# WHAT TO WORK ON
From the listing below, retype exactly the line holding "For instance, if", the line holding "Hi everyone, in", and the lines between them; skip everything else.

# EXERCISE INPUTS
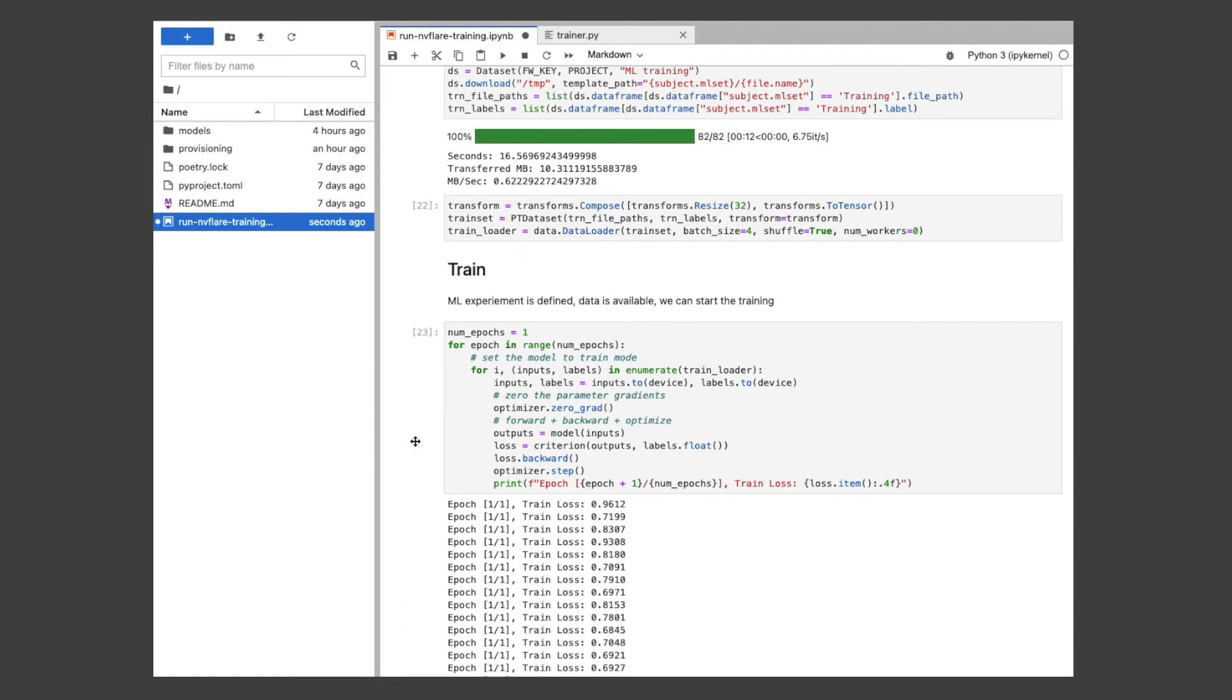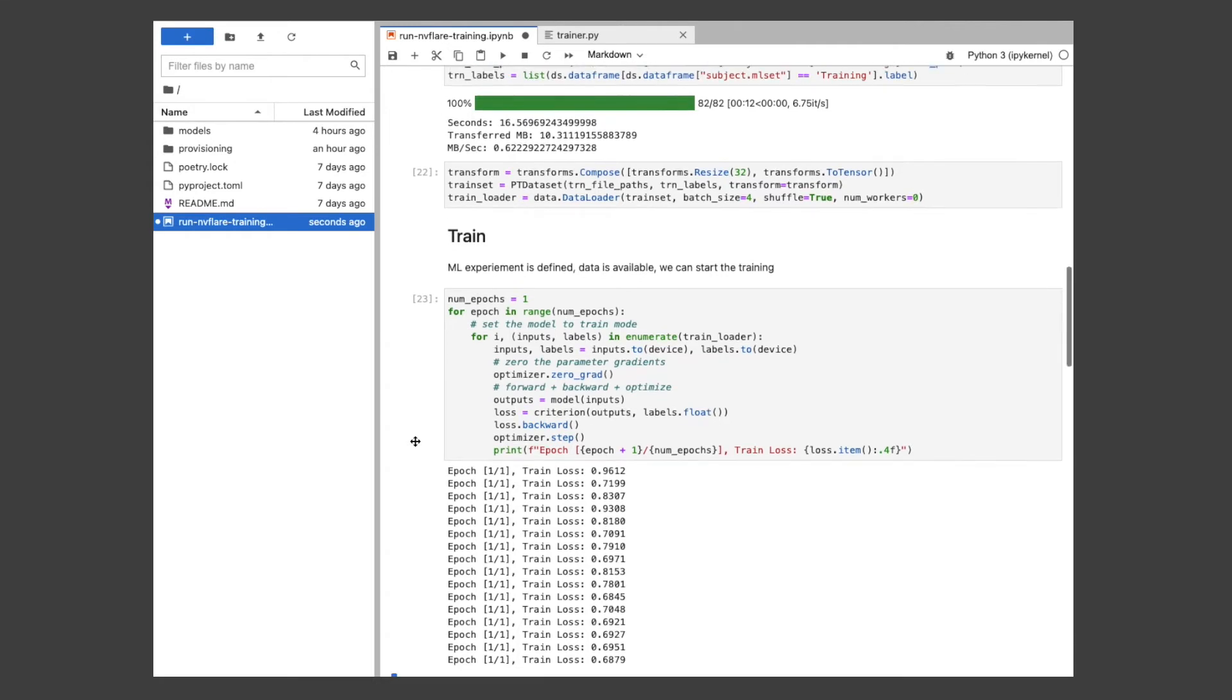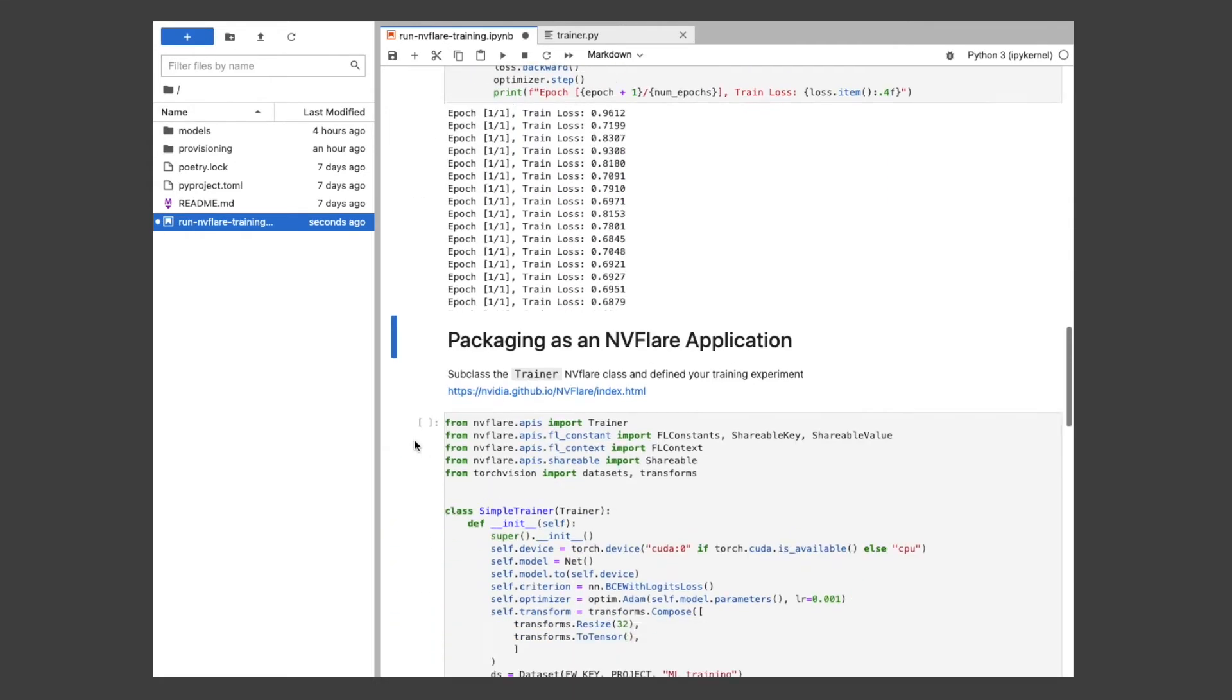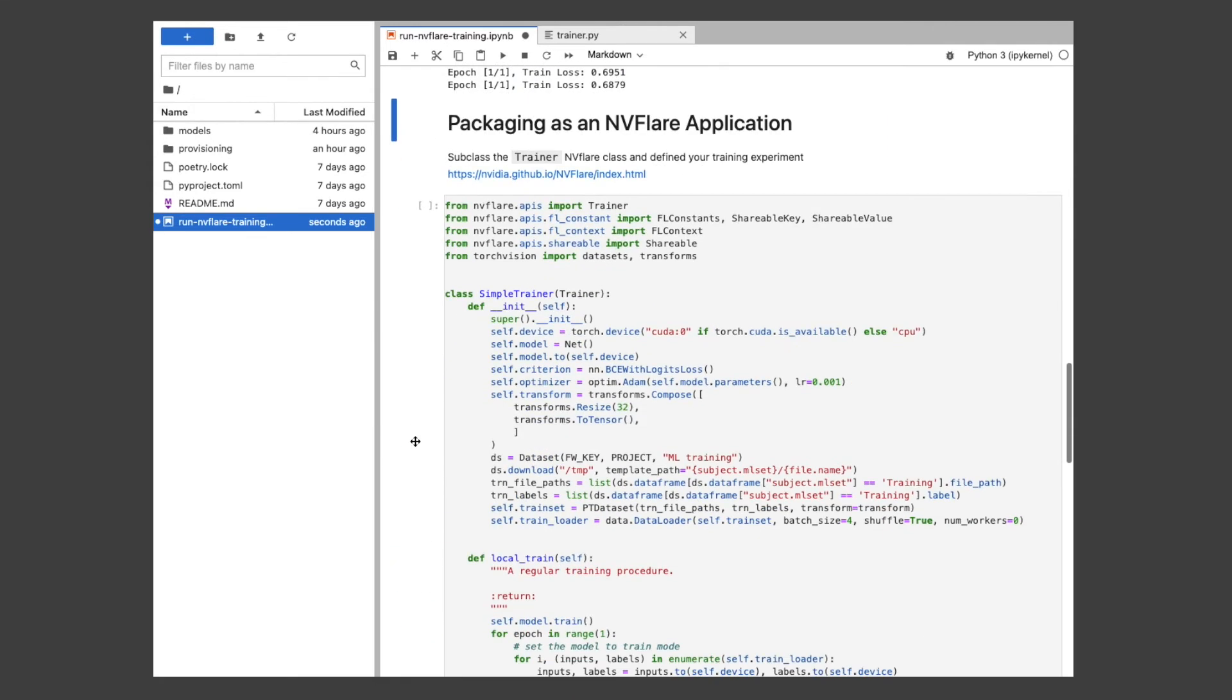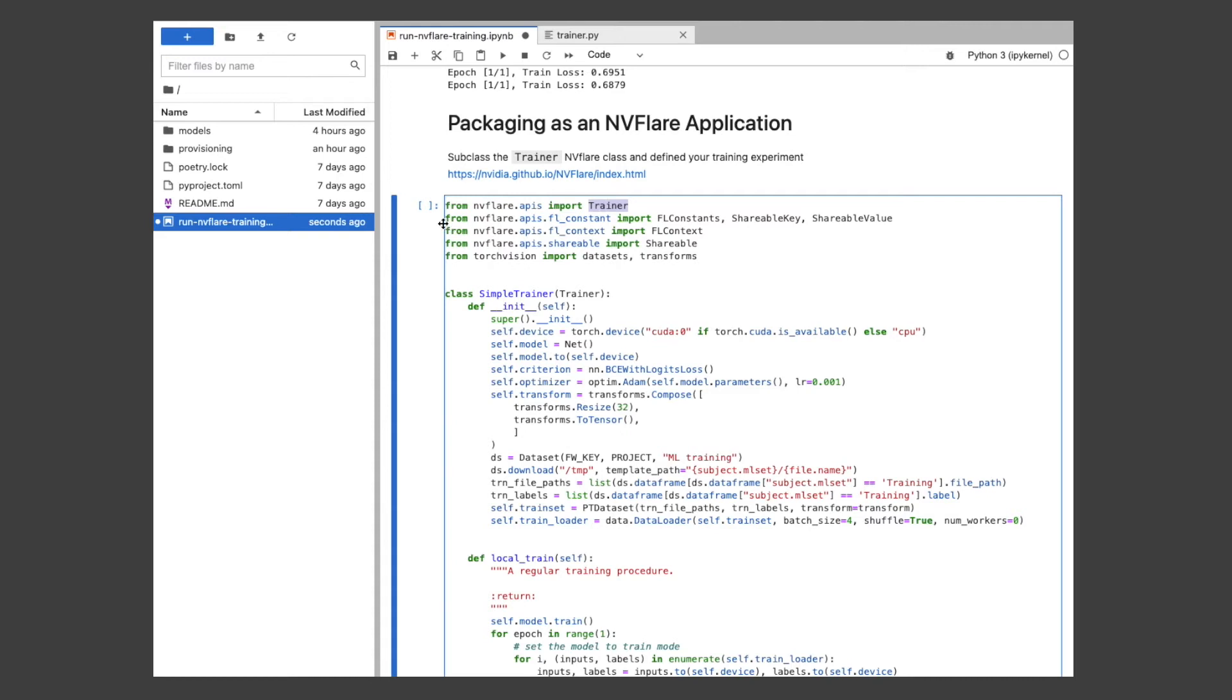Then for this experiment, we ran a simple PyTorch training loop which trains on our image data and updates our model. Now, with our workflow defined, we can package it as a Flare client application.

* * *

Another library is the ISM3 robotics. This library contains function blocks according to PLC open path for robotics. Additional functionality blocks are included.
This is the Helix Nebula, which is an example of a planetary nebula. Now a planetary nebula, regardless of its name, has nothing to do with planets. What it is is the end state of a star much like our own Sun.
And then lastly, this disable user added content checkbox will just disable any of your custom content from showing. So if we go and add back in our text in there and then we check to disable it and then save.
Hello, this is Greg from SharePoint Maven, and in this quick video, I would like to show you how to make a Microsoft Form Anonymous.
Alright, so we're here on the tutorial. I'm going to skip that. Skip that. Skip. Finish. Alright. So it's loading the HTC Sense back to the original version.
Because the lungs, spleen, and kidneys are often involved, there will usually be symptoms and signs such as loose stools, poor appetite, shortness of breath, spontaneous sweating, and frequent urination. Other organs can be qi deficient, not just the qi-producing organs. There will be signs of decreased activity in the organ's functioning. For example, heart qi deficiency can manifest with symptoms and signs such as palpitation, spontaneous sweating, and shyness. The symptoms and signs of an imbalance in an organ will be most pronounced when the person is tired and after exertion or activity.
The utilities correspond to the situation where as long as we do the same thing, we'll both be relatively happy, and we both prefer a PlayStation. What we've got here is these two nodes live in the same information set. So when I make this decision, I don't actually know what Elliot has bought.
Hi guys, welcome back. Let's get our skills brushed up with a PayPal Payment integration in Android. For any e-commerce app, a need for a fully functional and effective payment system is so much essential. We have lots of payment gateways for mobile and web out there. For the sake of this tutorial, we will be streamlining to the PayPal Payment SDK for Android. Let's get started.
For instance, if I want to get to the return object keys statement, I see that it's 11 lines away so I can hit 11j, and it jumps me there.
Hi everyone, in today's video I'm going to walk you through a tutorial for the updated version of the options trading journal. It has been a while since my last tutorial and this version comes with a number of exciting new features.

# SOLUTION
For instance, if I want to get to the return object keys statement, I see that it's 11 lines away so I can hit 11j, and it jumps me there.
Hi everyone, in today's video I'm going to walk you through a tutorial for the updated version of the options trading journal. It has been a while since my last tutorial and this version comes with a number of exciting new features.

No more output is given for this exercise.